In their paper, the researchers proposed using a very low fraction (around 0.1 wt%) of fluorinated methylpyridinium cations in the electrolyte. These cations are electrostatically attracted to the negatively charged Li-metal anode, leading to a high local concentration at the anode surface despite the overall low concentration in the electrolyte. This attraction forms a robust, fluorine-rich SEI, effectively mitigating dendrite formation and enabling dense Li deposition.

Fluorine transport in the newly developed battery. Image used courtesy of ETH Zurich

The study demonstrated that adding millimolar amounts of these fluorinated cations to a conventional electrolyte increased the coulombic efficiency of Li plating/stripping from 96.4% to 99.6%. This significant improvement was attributed to the cations' early reduction potentials, facilitating the SEI formation before the solvent molecules' decomposition.

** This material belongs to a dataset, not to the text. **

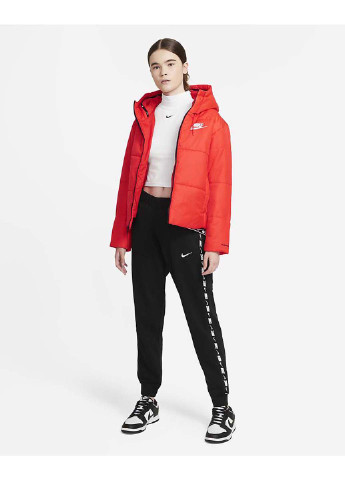Красная зимняя куртка Nike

Experimental results showed prolonged cycling stability in Li0–Li0 symmetric cells at 10 mA cm^2, where the overpotential remained stable for at least 3000 hours with the fluorinated cations, compared to rapid failure in additive-free electrolytes. Scanning electron microscopy revealed a smooth and dense Li morphology with the additive, contrasting with the rough and porous deposits in its absence.

Sustainable Electronics for the Future

Engineers must overcome many design challenges as the industry continues to push toward sustainable technology. With these solar and battery technology advancements, the industry is clearly attuned to these issues.